> _Exercise prompt_: Copy precisely the first line of the material below and every later line, stopping with the line that contains "vidaXL Fauteuil avec".

> _Supplied information_:
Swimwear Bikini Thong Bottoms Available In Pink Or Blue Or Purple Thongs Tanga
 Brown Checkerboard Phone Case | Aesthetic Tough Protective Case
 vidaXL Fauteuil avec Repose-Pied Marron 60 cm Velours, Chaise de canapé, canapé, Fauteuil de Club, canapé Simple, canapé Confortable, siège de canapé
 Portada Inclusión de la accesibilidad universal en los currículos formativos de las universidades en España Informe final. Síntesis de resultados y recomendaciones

> _Written response_:
Swimwear Bikini Thong Bottoms Available In Pink Or Blue Or Purple Thongs Tanga
 Brown Checkerboard Phone Case | Aesthetic Tough Protective Case
 vidaXL Fauteuil avec Repose-Pied Marron 60 cm Velours, Chaise de canapé, canapé, Fauteuil de Club, canapé Simple, canapé Confortable, siège de canapé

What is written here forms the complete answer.